▸ **Work order**
Before writing anything, find the line that contains "Fetal rights: A", then retype the entries below exactly from their first line through that one, without pictures.
-- Records supplied follows --
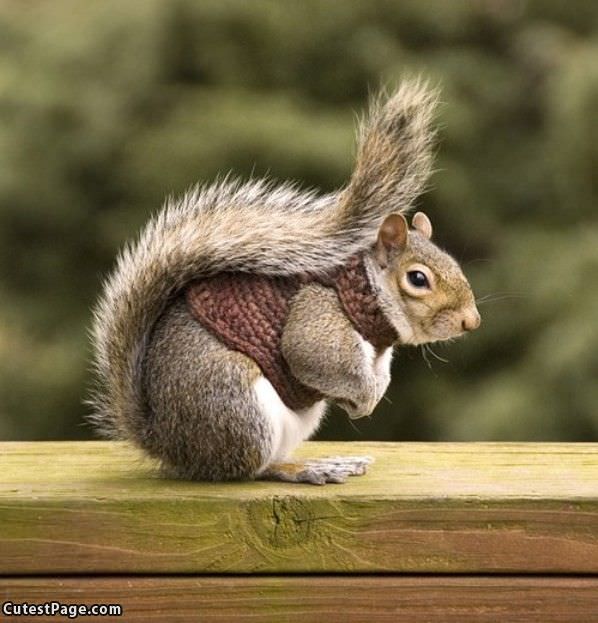 Squirrel Sweater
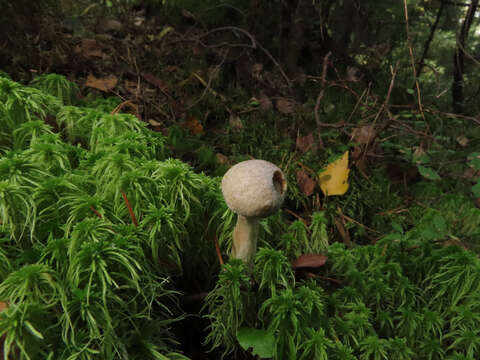 Image of Leccinum holopus (Rostk.) Watling 1960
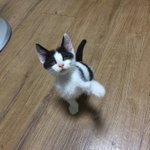 [고양이] 광복절에 만난 우리집 고양이 구경 오세요!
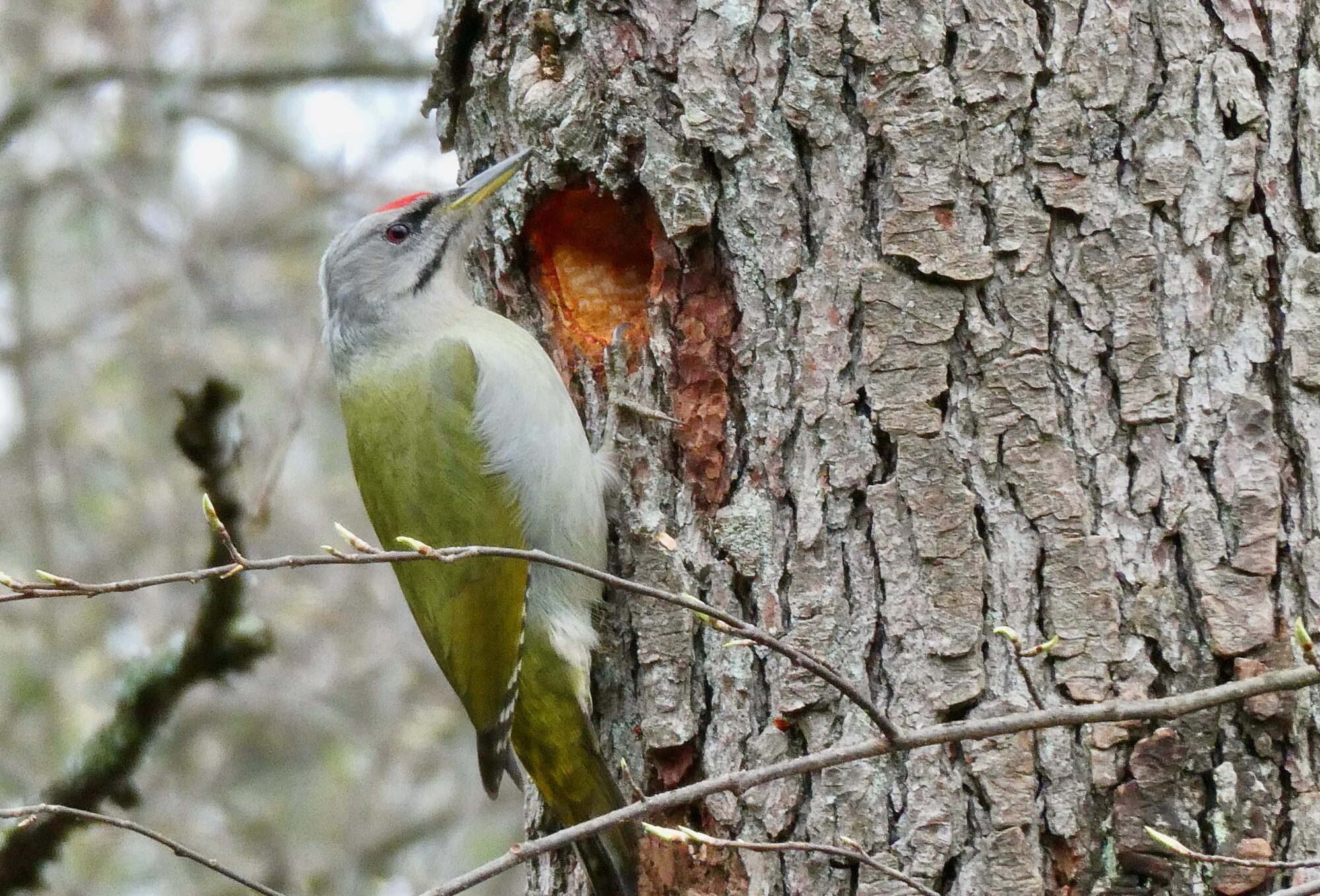 Valokuvaaja: Liisa Niiva-Korpela Valokuvaaja: Liisa Niiva-Korpela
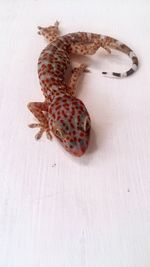 High angle view of lizard on floor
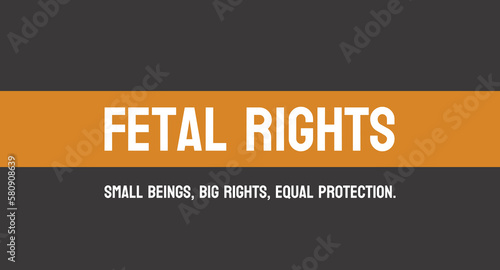 Fetal rights: A 3D ultrasound image of a developing fetus.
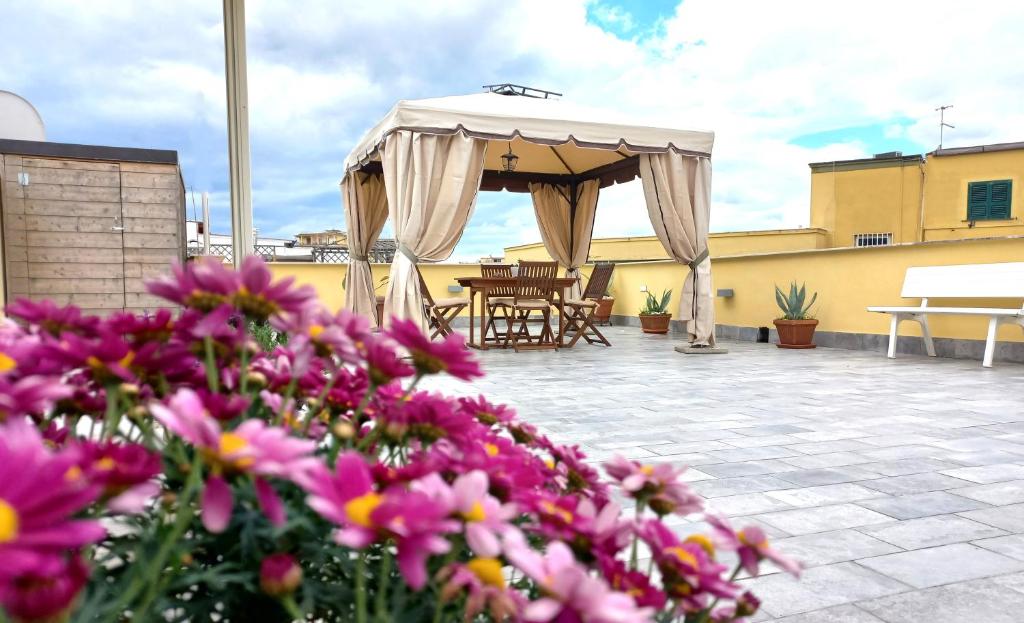 La terrazza di Silvana 6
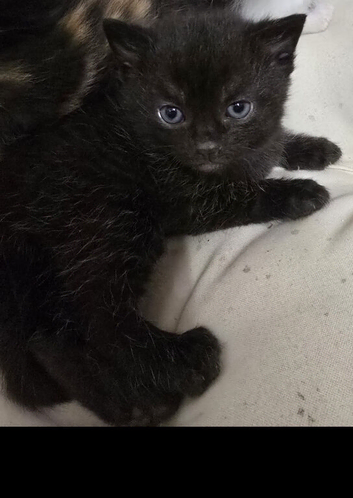 Kittens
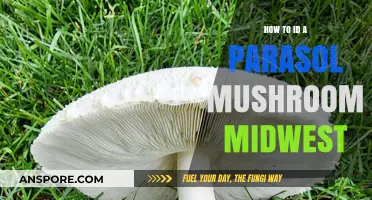 Identifying Parasol Mushrooms in the Midwest: A Forager's Guide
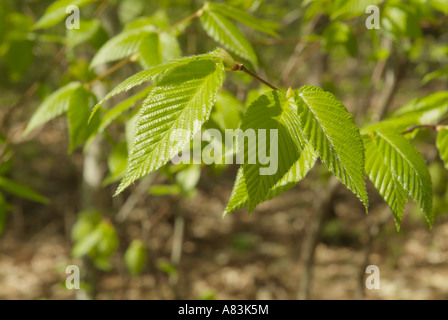 Yellow Birch Betula alleghaniensis leafs with a white background during the spring months in New England USA Stock Photo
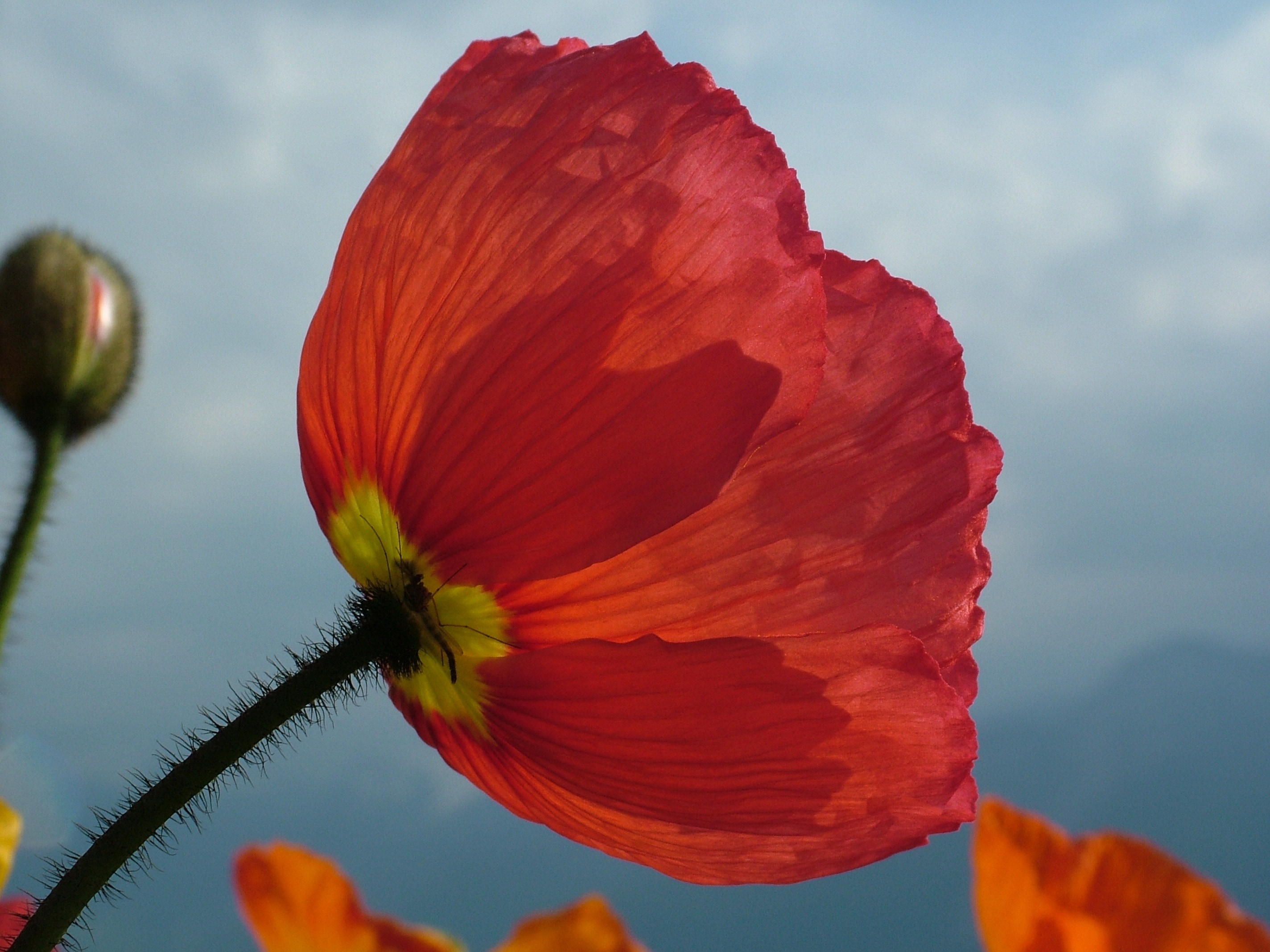 red petaled flowe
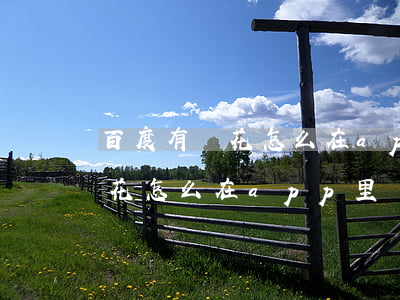 百度有錢花怎么在app里還款-百度有錢花怎么在app里還款啊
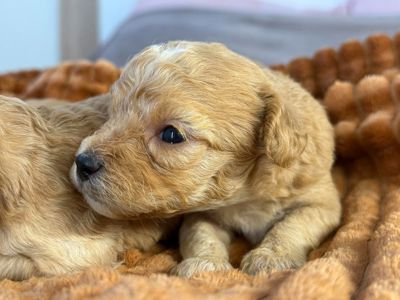 Мальтипу дівчинки хлопчики бебі фейс Без недоліків Здорові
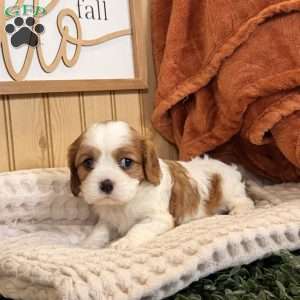 Carlet, Cavalier King Charles Spaniel Puppy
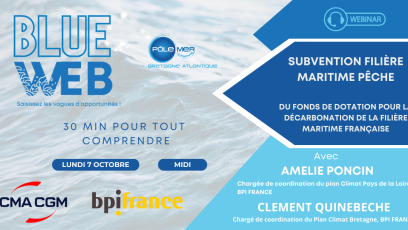 Blue web Subvention Filière Maritime Pêche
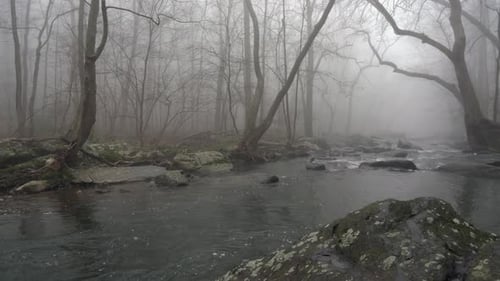A wide view of a flowing river in the forest with trees overhanging the banks.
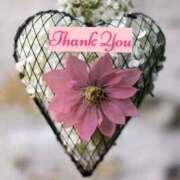 ヒメ日記 2026/01/02 15:52 投稿 しの【ロイヤルOP対応】 あなたの全てを包み込む　優しいひとづま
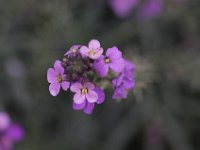 WaggaNov2014-30 : Botanic Garden, Wagga, flowers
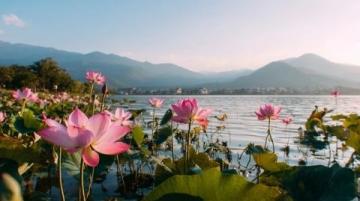 菏泽万亩荷塘是鲁西南地区夏季赏荷、生态体验的热门目的地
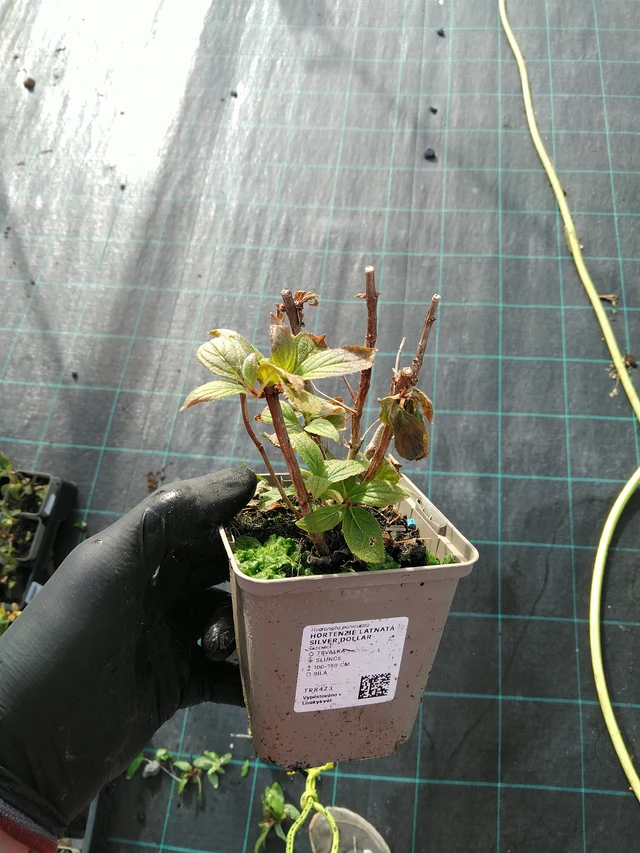 Hortenzie latnatá Silver Dollar - 31. 10. 2025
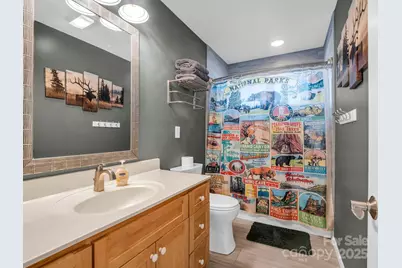 171 Wilson Court, Lake Lure, NC 28746 - Photo 29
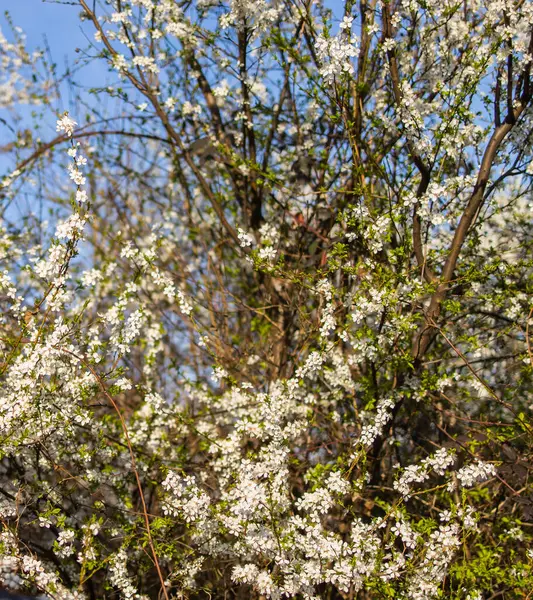 Grădină Cireșe Mere Înflorite Împotriva Cerului Albastru Deschis Înflorire Primăvară — Fotografie, imagine de stoc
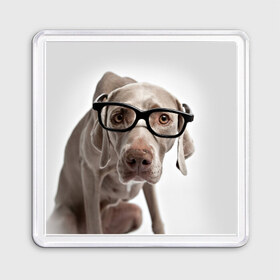 Магнит 55*55 с принтом Собака в очках в Кировске, Пластик | Размер: 65*65 мм; Размер печати: 55*55 мм | в очках | дог | животное | очки | прикол | пятнистый | собака | щенок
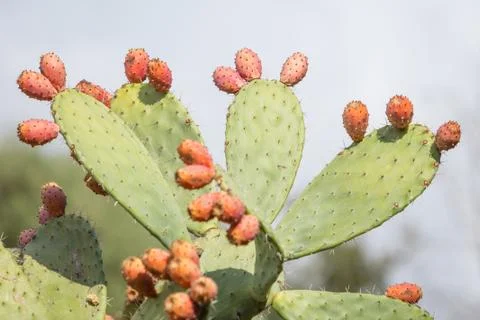 Prickly pear cactus close up with fruit Stock Photos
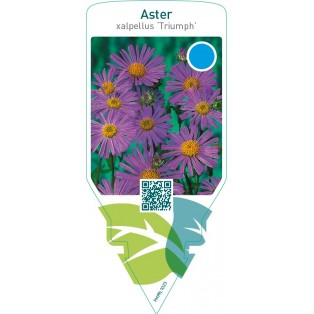 Aster alpellus ‘Triumph’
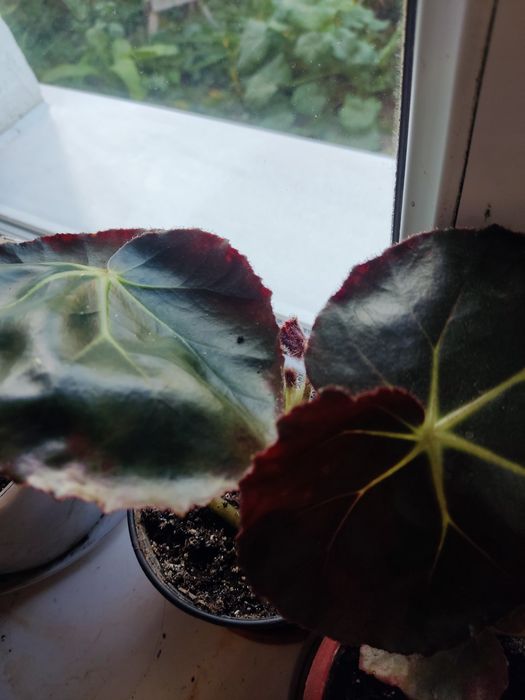 Продам цветы комнатные.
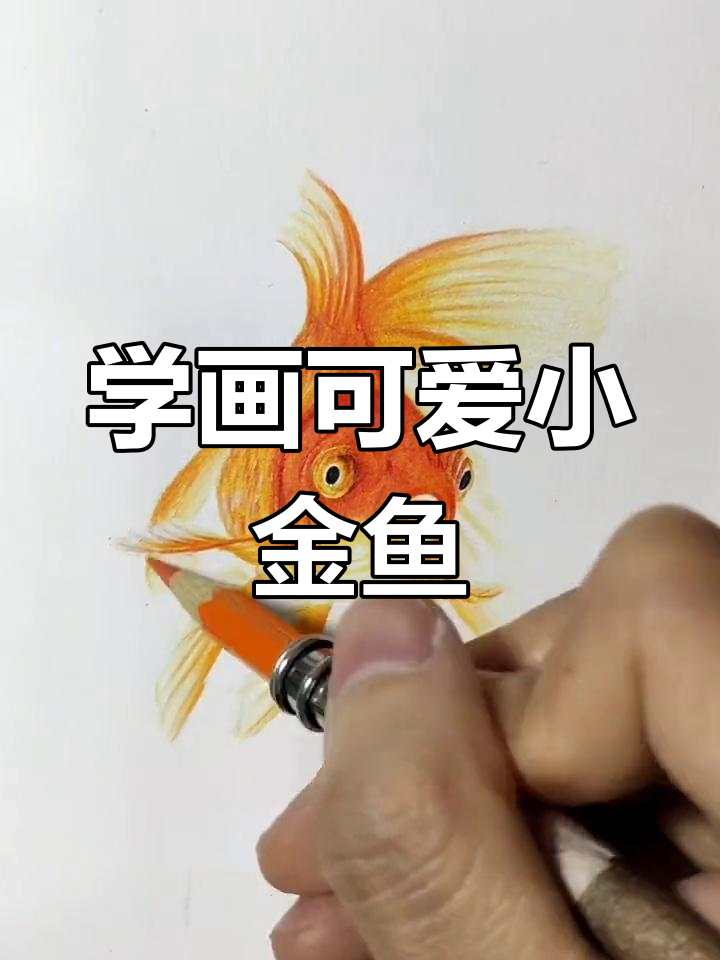 画小金鱼,步骤简单又有趣!学会这些技巧轻松上手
-- Records supplied concluded --
▸ **Response for this exercise**
 Squirrel Sweater
 Image of Leccinum holopus (Rostk.) Watling 1960
 [고양이] 광복절에 만난 우리집 고양이 구경 오세요!
 Valokuvaaja: Liisa Niiva-Korpela Valokuvaaja: Liisa Niiva-Korpela
 High angle view of lizard on floor
 Fetal rights: A 3D ultrasound image of a developing fetus.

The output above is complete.